* **Your task**
The lines from the one holding "Антенна 4G LTE Ruba 14 dBi" to the final line of the listing below are to be duplicated exactly, with both ends included and pictures omitted.

* **Exercise data**
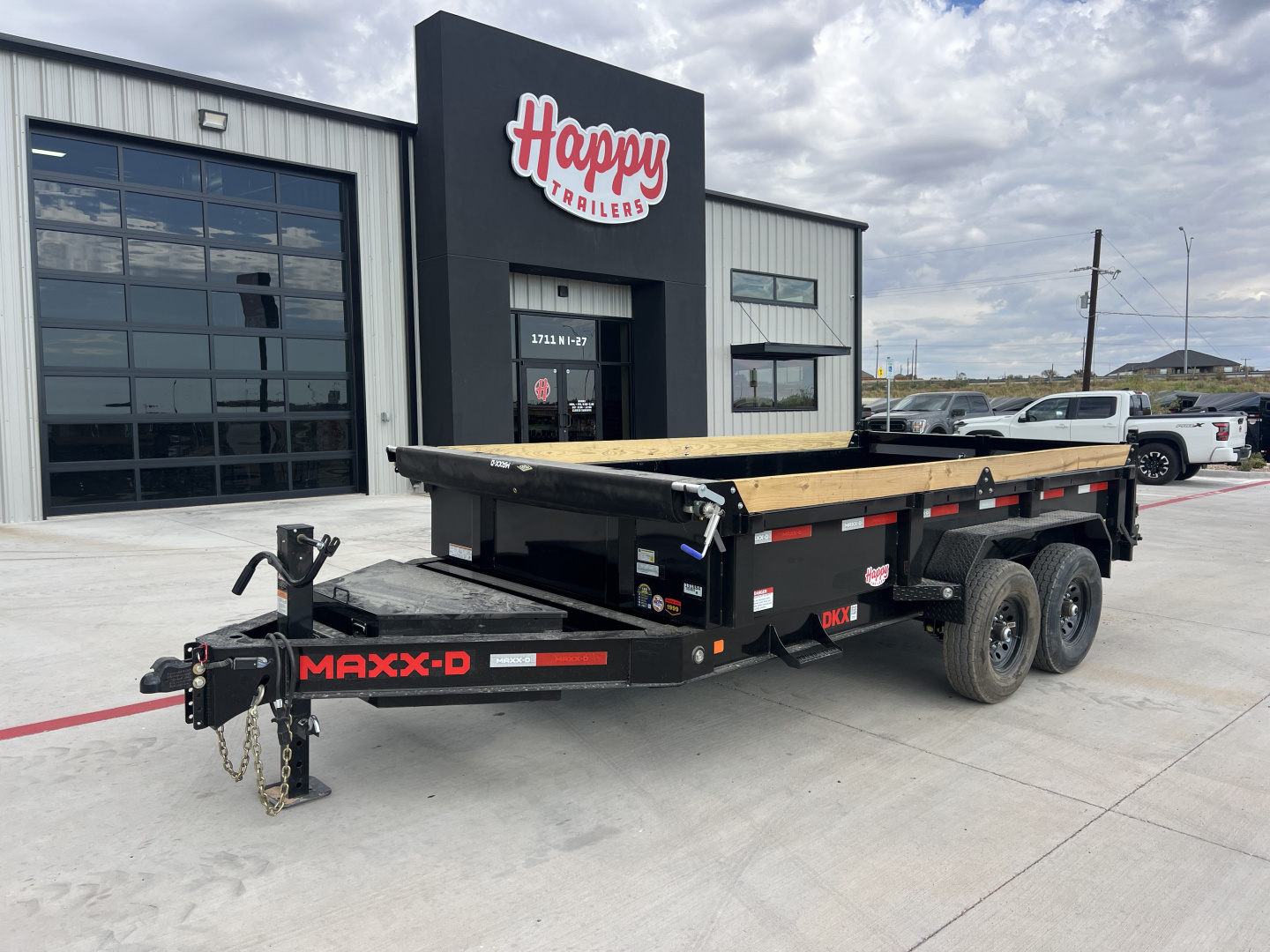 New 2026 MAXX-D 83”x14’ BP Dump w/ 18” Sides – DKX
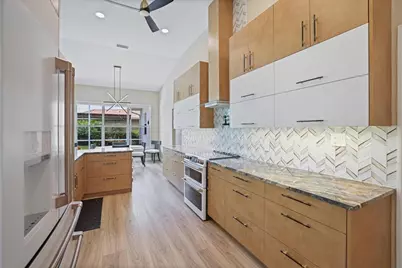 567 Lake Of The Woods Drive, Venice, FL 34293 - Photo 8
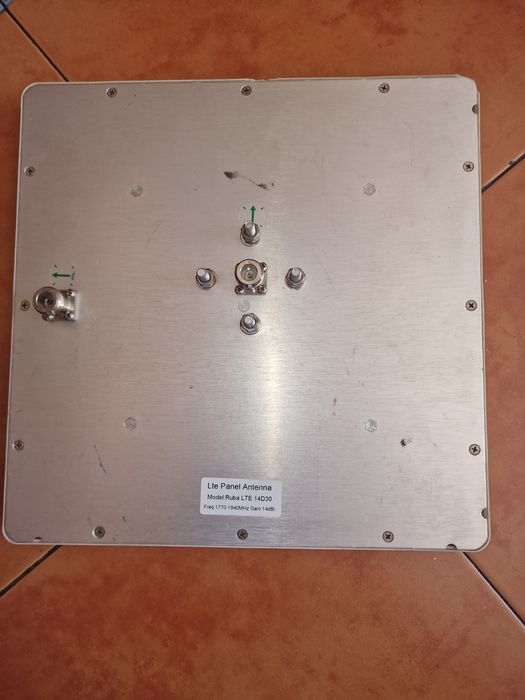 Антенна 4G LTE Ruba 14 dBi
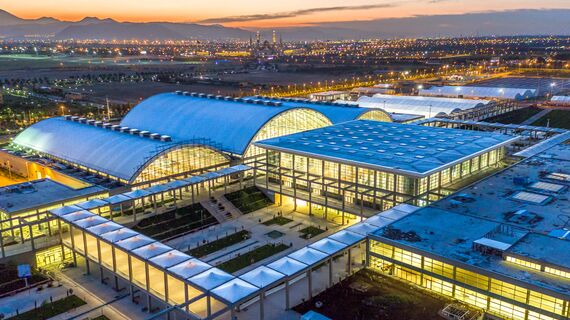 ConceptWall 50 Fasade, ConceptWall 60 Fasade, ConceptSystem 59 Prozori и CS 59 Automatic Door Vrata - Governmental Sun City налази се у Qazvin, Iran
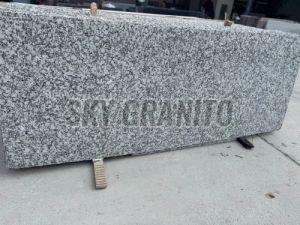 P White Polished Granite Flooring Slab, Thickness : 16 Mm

* **Exercise result**
 Антенна 4G LTE Ruba 14 dBi
 ConceptWall 50 Fasade, ConceptWall 60 Fasade, ConceptSystem 59 Prozori и CS 59 Automatic Door Vrata - Governmental Sun City налази се у Qazvin, Iran
 P White Polished Granite Flooring Slab, Thickness : 16 Mm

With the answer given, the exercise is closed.